Task goal: Lines from the one containing "Gray Sweatshirt Size XS thumbnail 1" through the final line of the data, restated word for word and free of pictures, make up the whole answer.

Dataset section:
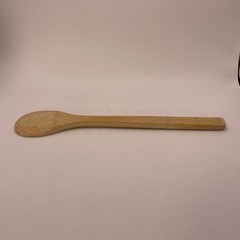 Pampered Chef Spoon Bamboo Wooden Kitchen Tools Mixing Cooking Baking 12″ Round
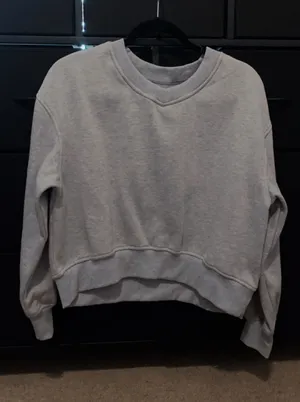 Gray Sweatshirt Size XS thumbnail 1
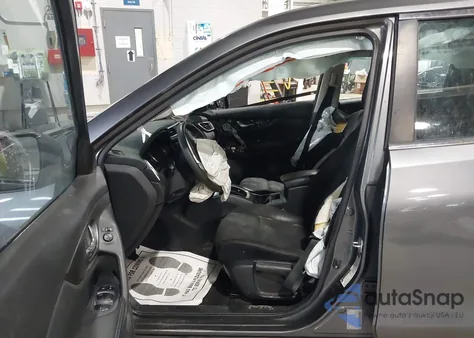 2014 Nissan Rogue S из США, поврежденный, VIN 5N1AT2MV2EC778735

Solution for this exercise:
 Gray Sweatshirt Size XS thumbnail 1
 2014 Nissan Rogue S из США, поврежденный, VIN 5N1AT2MV2EC778735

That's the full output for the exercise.